ABOUT THIS TASK: With pictures left out, extract every line between the start of the records below and the line holding "Vintage Harley Davidson", inclusive.

RECORDS SHOWN:
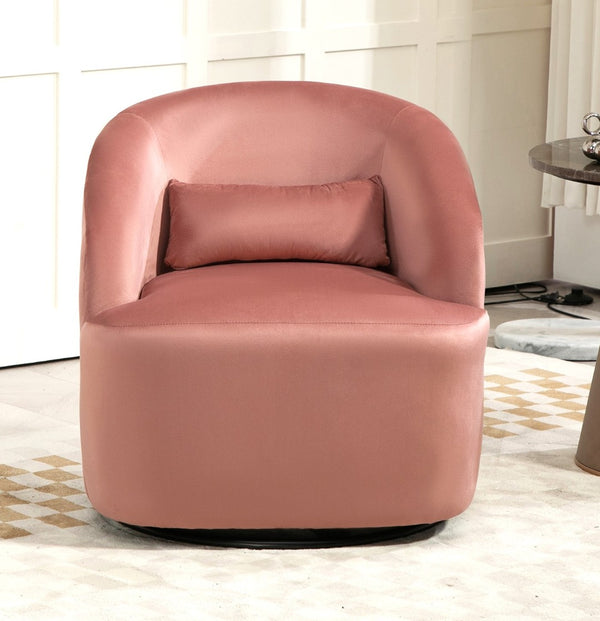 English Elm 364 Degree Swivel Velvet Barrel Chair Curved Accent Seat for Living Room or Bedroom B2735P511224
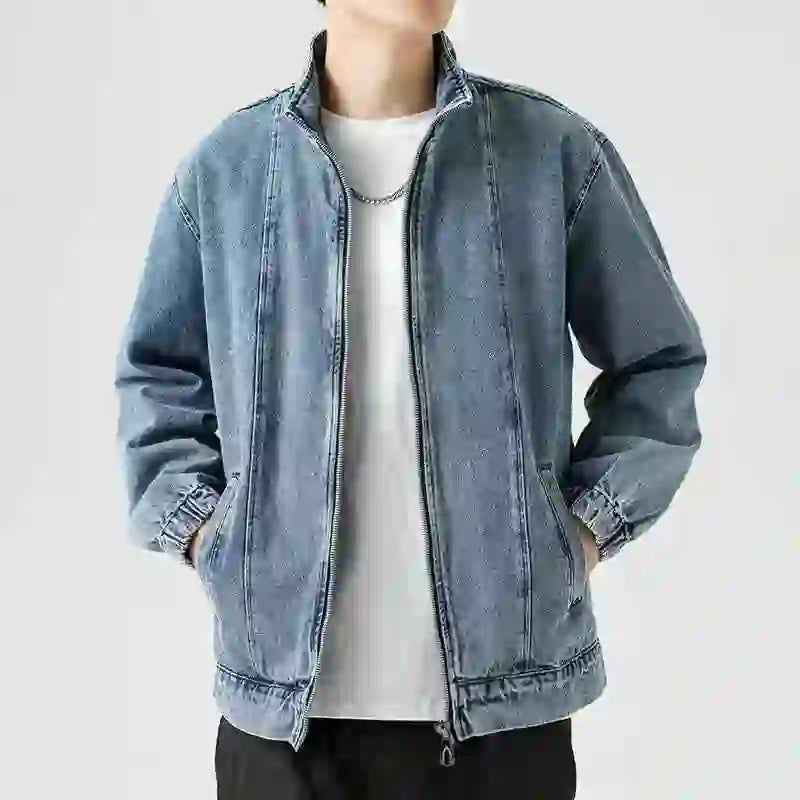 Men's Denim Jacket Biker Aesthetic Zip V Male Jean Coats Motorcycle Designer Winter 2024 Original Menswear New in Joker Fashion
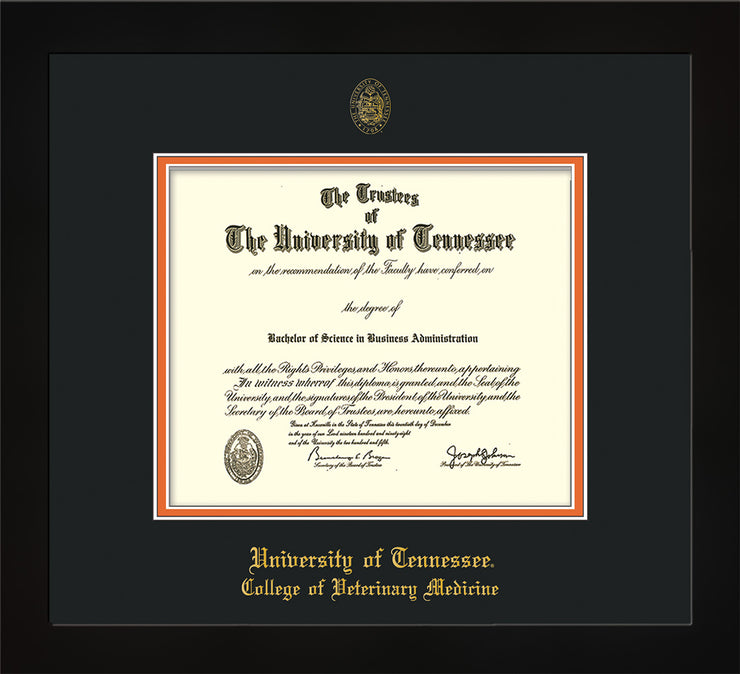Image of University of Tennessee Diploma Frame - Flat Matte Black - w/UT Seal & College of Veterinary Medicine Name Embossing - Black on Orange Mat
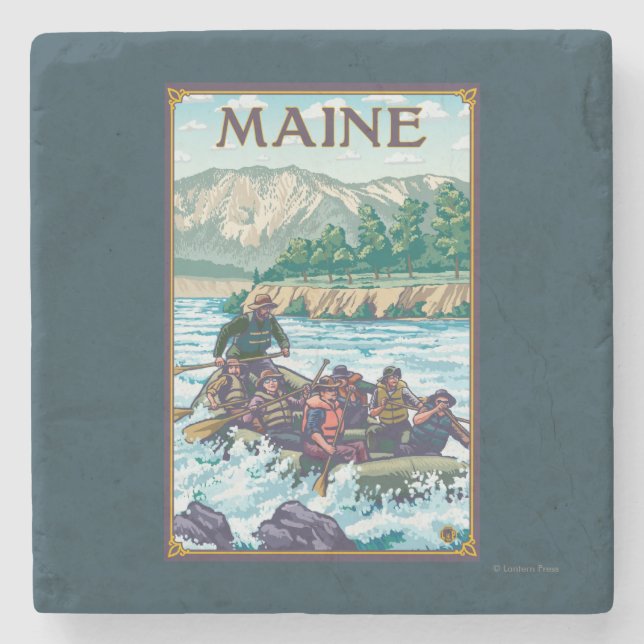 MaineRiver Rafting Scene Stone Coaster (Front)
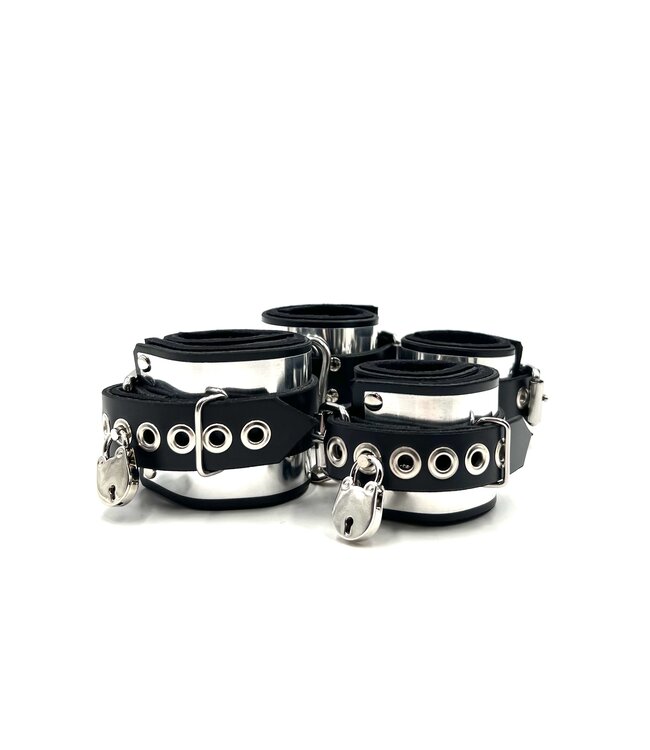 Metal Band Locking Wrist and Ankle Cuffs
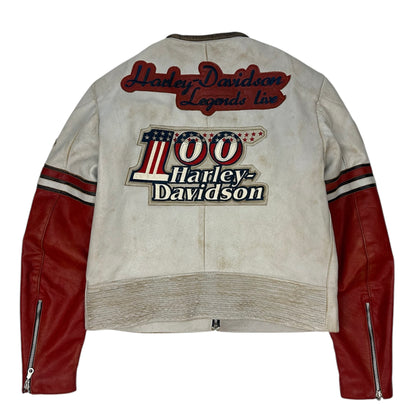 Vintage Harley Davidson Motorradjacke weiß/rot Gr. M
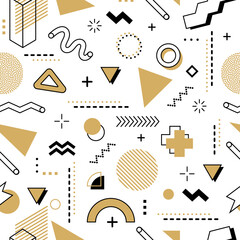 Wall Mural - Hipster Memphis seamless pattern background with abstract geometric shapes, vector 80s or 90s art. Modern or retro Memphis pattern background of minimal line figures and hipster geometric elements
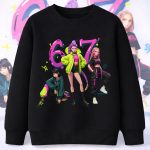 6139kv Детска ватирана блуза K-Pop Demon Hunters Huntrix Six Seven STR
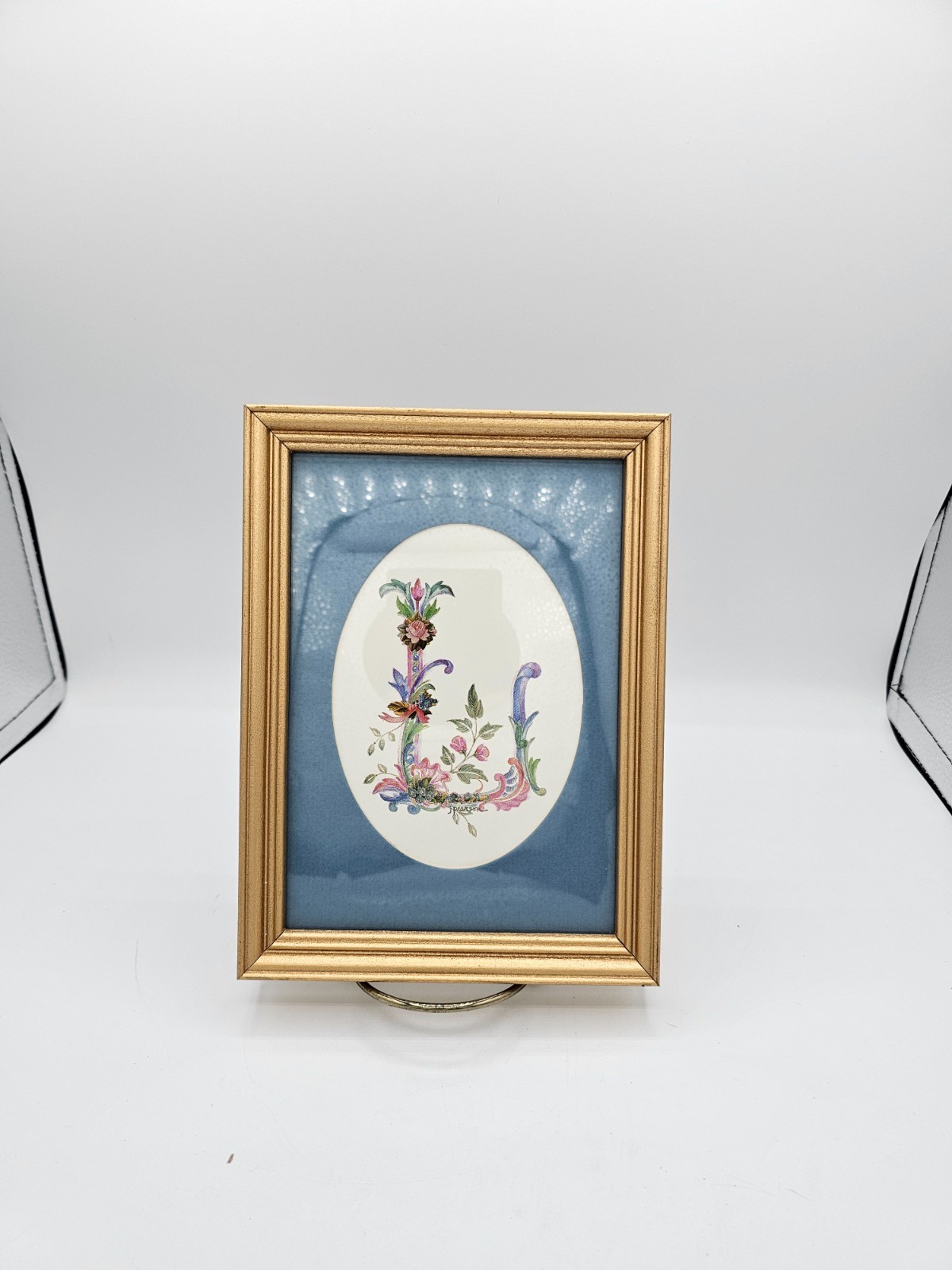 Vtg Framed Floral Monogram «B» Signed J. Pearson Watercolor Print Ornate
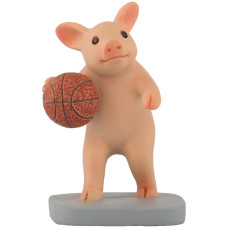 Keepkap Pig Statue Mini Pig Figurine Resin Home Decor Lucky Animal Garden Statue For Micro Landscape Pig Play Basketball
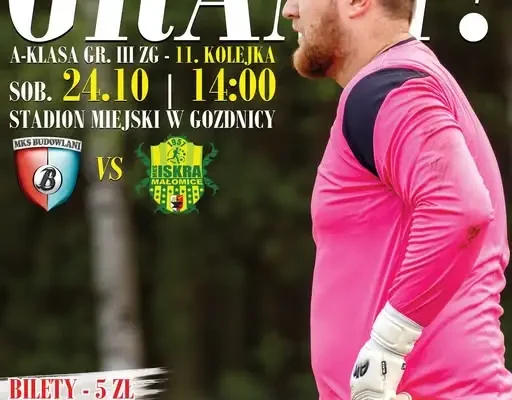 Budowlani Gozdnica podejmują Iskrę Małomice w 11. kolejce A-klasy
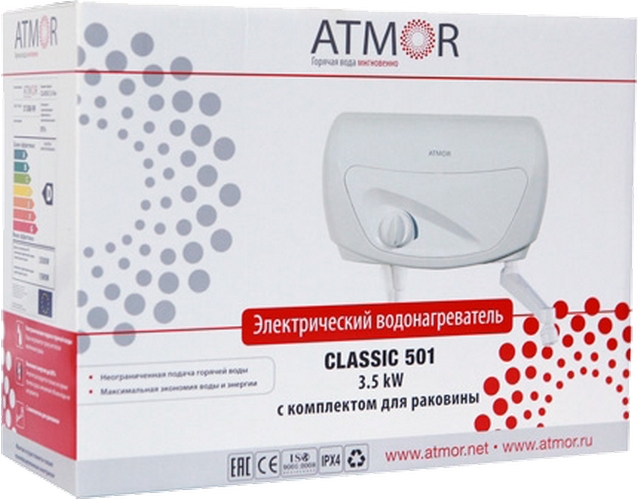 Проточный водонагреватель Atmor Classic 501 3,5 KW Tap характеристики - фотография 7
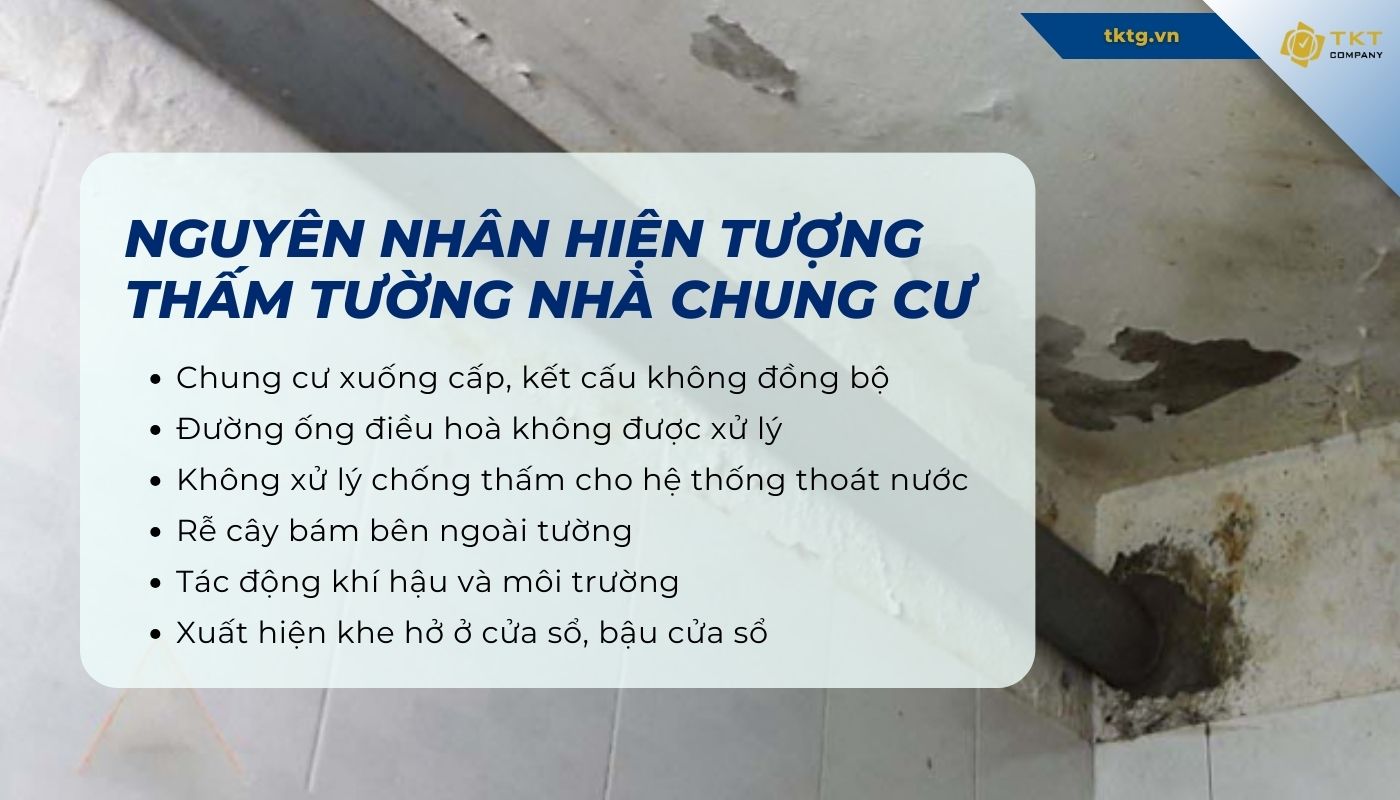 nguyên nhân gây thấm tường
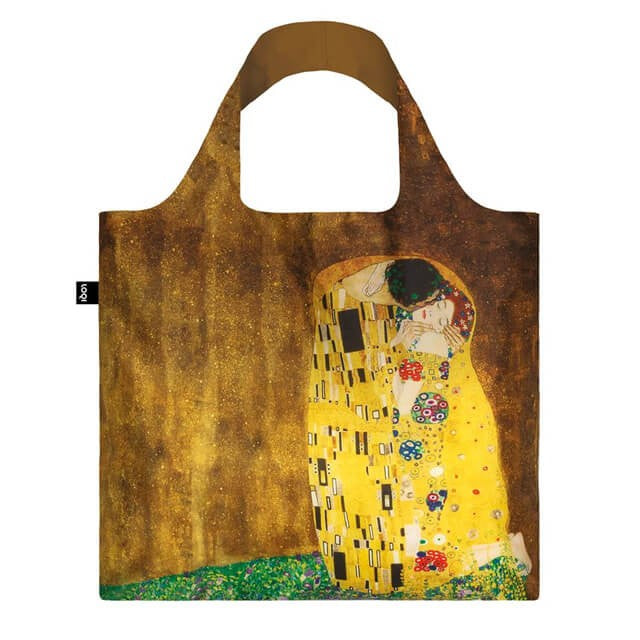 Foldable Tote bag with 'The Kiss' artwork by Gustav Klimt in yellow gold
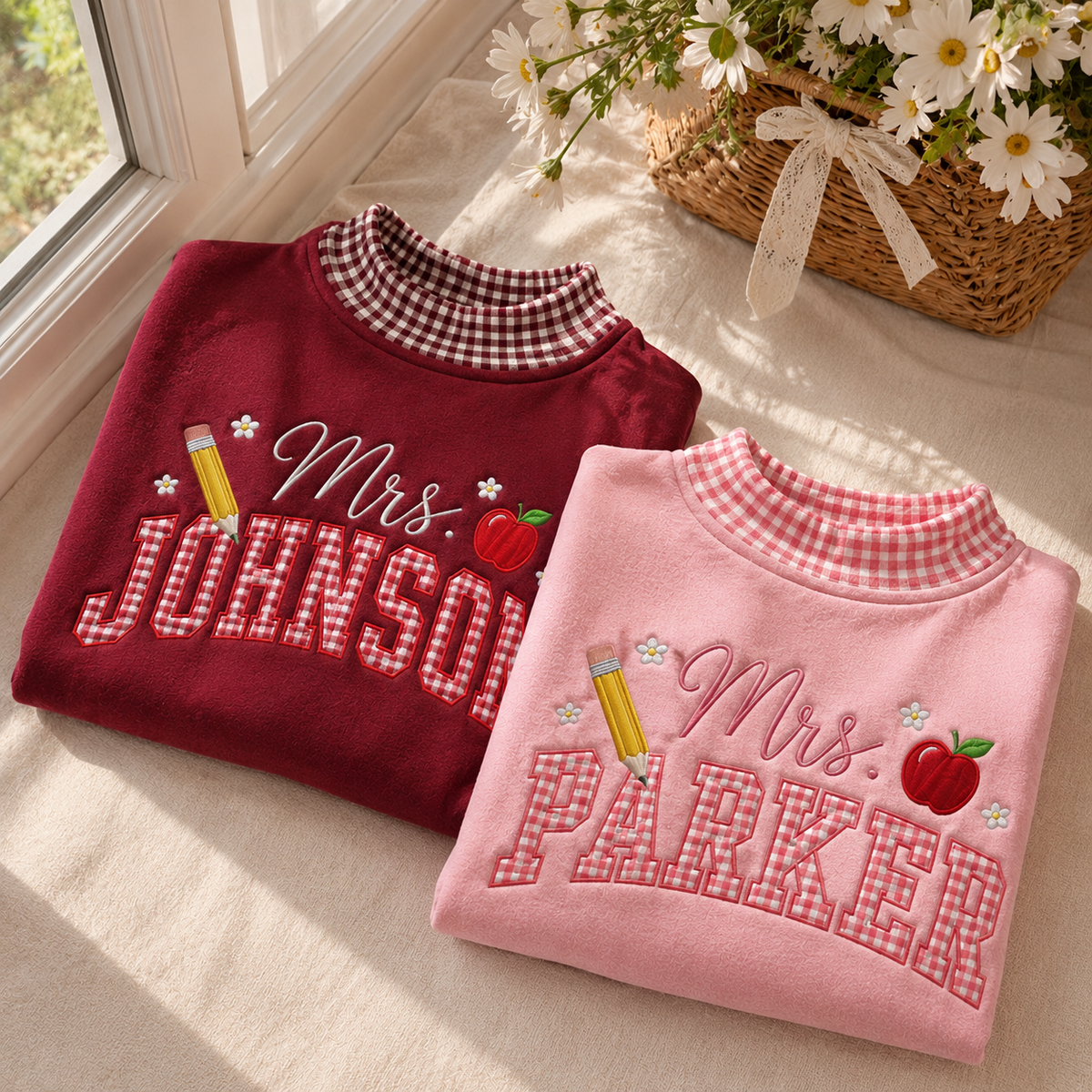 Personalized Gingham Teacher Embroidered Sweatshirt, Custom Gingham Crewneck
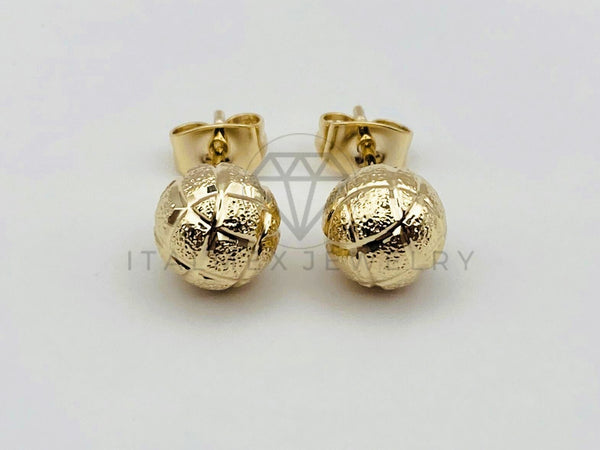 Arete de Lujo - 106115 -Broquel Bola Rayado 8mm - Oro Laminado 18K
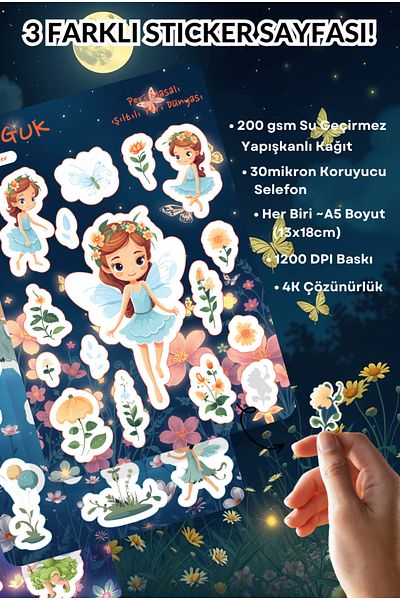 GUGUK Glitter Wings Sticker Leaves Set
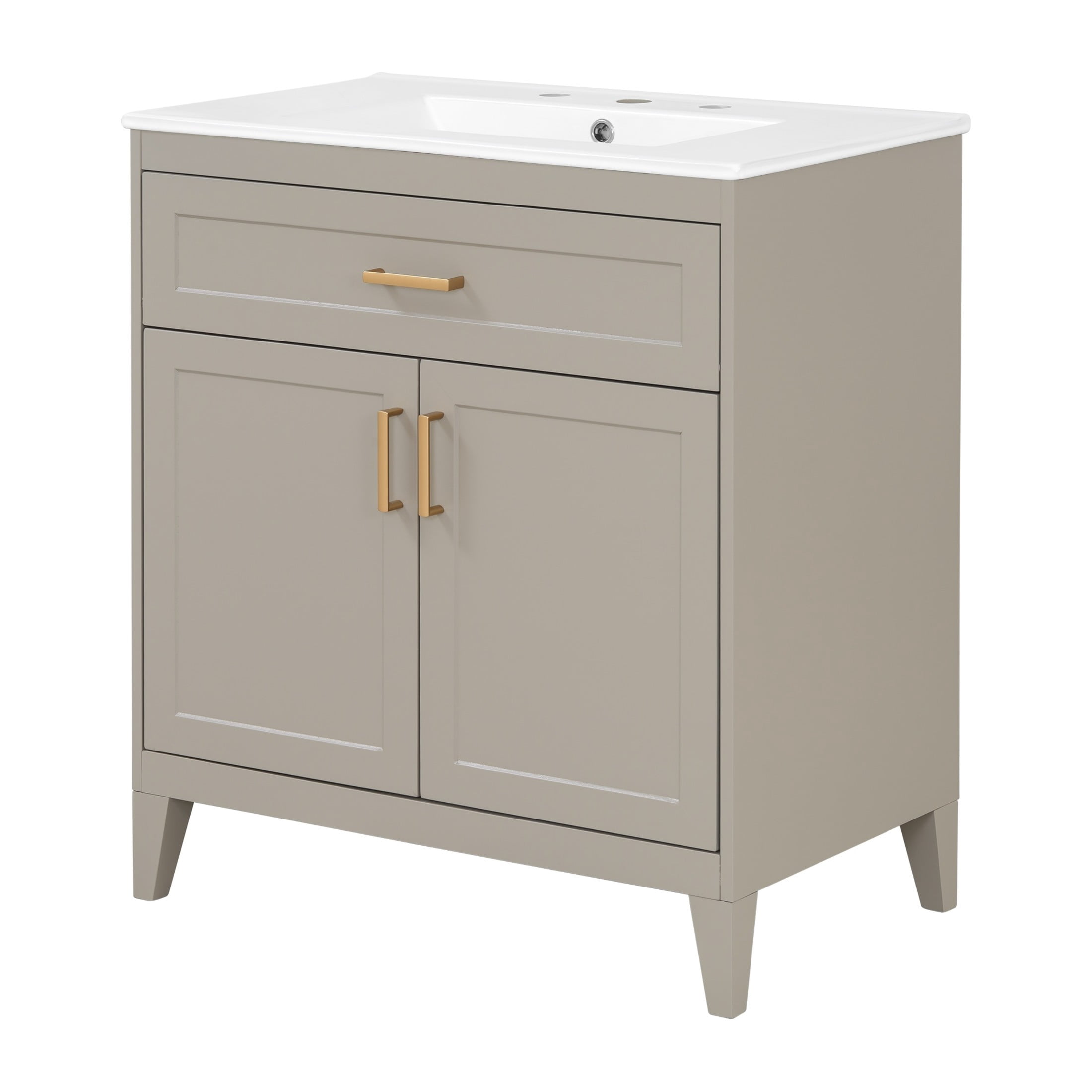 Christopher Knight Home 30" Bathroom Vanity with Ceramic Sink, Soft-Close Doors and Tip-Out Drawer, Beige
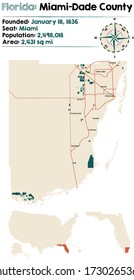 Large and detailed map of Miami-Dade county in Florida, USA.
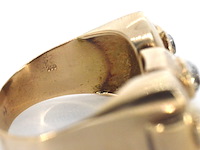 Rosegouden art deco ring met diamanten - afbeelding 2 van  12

EXERCISE RESULT:
 English Elm 364 Degree Swivel Velvet Barrel Chair Curved Accent Seat for Living Room or Bedroom B2735P511224
 Men's Denim Jacket Biker Aesthetic Zip V Male Jean Coats Motorcycle Designer Winter 2024 Original Menswear New in Joker Fashion
Image of University of Tennessee Diploma Frame - Flat Matte Black - w/UT Seal & College of Veterinary Medicine Name Embossing - Black on Orange Mat
 MaineRiver Rafting Scene Stone Coaster (Front)
 Metal Band Locking Wrist and Ankle Cuffs
 Vintage Harley Davidson Motorradjacke weiß/rot Gr. M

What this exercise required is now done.